Data extracted from a collection:
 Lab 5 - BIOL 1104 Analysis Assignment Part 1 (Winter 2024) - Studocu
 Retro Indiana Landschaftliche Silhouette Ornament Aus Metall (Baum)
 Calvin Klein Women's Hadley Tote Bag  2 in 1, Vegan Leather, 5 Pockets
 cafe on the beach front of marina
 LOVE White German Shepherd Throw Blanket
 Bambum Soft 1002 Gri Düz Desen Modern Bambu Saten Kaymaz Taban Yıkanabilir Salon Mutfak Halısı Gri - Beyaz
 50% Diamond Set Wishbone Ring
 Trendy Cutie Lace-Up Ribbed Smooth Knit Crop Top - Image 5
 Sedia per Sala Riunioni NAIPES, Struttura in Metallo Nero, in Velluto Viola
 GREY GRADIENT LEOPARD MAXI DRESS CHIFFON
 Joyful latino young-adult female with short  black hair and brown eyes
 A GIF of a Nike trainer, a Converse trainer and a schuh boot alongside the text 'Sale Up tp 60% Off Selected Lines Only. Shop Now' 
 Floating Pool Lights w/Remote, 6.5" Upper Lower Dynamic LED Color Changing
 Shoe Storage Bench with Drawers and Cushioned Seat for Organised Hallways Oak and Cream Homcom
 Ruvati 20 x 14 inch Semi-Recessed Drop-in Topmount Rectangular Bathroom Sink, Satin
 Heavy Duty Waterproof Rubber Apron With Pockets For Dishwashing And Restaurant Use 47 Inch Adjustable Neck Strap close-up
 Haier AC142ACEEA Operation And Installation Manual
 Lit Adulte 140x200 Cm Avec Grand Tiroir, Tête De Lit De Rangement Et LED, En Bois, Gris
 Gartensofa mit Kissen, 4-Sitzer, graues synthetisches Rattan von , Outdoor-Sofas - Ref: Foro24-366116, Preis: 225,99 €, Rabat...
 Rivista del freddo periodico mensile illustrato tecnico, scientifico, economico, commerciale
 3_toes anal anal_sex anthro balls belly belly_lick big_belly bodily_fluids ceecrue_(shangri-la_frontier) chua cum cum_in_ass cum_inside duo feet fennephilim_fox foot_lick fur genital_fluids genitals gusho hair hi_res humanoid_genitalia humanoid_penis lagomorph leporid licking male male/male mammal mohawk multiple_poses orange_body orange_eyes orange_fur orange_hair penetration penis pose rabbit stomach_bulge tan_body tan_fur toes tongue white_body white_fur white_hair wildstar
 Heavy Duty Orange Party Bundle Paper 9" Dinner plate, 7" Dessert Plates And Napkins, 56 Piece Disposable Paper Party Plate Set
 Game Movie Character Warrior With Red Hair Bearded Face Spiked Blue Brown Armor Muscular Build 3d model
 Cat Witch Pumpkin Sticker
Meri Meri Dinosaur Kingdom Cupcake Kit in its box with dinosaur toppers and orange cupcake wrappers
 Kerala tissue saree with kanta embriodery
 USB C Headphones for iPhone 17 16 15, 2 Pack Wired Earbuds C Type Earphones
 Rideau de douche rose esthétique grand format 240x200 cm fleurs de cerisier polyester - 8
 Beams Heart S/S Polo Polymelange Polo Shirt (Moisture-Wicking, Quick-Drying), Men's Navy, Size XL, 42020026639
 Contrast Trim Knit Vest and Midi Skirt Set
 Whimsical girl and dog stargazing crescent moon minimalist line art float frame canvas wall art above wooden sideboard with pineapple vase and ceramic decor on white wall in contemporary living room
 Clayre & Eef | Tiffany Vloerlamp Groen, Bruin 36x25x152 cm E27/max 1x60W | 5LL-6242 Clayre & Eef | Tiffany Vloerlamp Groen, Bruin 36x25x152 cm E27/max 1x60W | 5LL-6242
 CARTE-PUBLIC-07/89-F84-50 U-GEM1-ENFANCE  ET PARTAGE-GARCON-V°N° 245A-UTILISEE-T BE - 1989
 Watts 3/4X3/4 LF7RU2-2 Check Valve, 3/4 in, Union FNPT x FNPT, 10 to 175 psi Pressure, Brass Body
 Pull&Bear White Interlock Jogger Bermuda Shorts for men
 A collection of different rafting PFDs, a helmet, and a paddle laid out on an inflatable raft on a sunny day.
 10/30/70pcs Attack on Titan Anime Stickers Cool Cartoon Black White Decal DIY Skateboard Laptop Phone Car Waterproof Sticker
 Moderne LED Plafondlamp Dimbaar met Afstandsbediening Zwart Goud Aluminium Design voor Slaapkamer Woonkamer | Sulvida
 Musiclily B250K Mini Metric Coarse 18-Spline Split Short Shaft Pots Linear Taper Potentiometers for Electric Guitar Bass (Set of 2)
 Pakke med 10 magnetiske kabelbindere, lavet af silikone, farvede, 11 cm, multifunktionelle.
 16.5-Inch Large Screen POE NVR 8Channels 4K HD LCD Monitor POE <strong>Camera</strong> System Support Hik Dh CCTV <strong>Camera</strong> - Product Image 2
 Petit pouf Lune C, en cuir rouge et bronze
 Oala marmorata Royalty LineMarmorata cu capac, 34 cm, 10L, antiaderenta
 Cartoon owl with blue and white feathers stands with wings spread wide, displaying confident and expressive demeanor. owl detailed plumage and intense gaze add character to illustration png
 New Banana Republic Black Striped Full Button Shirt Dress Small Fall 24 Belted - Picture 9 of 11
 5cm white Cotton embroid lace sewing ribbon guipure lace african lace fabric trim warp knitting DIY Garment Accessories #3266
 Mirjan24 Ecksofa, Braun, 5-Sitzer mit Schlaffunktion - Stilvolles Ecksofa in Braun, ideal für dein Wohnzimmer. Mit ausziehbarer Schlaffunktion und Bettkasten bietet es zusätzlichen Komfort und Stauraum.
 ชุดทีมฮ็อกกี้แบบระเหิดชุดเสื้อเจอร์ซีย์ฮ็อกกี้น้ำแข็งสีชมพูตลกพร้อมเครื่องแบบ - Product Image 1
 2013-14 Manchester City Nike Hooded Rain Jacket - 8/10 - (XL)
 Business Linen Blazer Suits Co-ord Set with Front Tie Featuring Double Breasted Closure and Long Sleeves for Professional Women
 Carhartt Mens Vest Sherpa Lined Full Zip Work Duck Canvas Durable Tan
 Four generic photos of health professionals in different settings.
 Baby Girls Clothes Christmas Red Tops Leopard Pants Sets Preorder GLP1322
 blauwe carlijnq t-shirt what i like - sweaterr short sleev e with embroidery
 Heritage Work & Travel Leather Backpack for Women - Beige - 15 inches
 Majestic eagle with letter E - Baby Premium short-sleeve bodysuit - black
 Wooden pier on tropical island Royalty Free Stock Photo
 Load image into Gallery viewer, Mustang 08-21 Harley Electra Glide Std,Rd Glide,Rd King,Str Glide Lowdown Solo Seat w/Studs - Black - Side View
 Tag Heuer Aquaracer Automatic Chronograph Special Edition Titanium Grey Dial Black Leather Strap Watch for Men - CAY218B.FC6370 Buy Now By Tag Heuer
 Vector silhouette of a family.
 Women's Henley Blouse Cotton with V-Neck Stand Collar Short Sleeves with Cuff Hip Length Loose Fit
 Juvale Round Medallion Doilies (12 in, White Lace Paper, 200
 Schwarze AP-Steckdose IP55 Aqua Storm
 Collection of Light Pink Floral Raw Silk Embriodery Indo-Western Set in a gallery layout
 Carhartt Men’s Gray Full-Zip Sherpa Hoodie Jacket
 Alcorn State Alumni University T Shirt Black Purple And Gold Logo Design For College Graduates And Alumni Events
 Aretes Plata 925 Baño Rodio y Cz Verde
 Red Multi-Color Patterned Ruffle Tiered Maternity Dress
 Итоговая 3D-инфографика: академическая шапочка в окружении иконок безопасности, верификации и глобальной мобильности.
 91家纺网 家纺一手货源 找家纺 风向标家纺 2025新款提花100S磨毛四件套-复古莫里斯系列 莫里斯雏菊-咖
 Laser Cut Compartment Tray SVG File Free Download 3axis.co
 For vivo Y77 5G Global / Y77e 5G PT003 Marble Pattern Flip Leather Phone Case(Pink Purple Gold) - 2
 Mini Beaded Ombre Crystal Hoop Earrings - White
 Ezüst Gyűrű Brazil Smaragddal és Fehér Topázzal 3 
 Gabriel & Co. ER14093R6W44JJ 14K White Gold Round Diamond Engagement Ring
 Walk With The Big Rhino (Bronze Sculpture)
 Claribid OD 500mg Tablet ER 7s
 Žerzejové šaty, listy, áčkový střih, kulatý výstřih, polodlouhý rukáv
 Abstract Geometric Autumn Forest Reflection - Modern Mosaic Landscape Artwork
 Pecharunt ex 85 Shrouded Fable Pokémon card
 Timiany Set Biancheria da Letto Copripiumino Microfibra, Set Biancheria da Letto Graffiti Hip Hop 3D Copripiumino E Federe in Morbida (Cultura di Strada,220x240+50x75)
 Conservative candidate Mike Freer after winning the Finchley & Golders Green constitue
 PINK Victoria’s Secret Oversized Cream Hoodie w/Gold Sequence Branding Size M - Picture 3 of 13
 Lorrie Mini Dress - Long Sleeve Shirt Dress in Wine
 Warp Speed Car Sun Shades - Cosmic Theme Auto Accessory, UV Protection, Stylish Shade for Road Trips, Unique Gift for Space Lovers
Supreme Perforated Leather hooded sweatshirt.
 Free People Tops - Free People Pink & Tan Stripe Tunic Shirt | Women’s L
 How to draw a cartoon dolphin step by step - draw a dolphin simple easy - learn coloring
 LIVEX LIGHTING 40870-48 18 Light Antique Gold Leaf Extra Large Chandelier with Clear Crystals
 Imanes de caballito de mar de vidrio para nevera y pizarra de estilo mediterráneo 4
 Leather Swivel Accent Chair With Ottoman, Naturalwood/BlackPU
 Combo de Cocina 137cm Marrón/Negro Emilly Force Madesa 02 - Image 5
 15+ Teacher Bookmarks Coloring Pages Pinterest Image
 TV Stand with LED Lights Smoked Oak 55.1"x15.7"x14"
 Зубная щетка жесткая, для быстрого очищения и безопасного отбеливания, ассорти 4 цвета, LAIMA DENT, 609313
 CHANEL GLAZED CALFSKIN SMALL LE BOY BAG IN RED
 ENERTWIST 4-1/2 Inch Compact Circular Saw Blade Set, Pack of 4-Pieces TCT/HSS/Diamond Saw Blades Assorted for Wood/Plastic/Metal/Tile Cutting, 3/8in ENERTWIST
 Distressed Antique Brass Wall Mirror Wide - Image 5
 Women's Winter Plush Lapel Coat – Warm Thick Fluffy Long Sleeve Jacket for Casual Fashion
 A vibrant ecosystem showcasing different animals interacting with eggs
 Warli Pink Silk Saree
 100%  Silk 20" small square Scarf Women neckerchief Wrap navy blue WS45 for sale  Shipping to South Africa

WHAT YOU HAVE TO DO:
Every line of the records above where the string "Large" is found should be copied.

ANSWER TO THIS TASK:
 16.5-Inch Large Screen POE NVR 8Channels 4K HD LCD Monitor POE <strong>Camera</strong> System Support Hik Dh CCTV <strong>Camera</strong> - Product Image 2
 LIVEX LIGHTING 40870-48 18 Light Antique Gold Leaf Extra Large Chandelier with Clear Crystals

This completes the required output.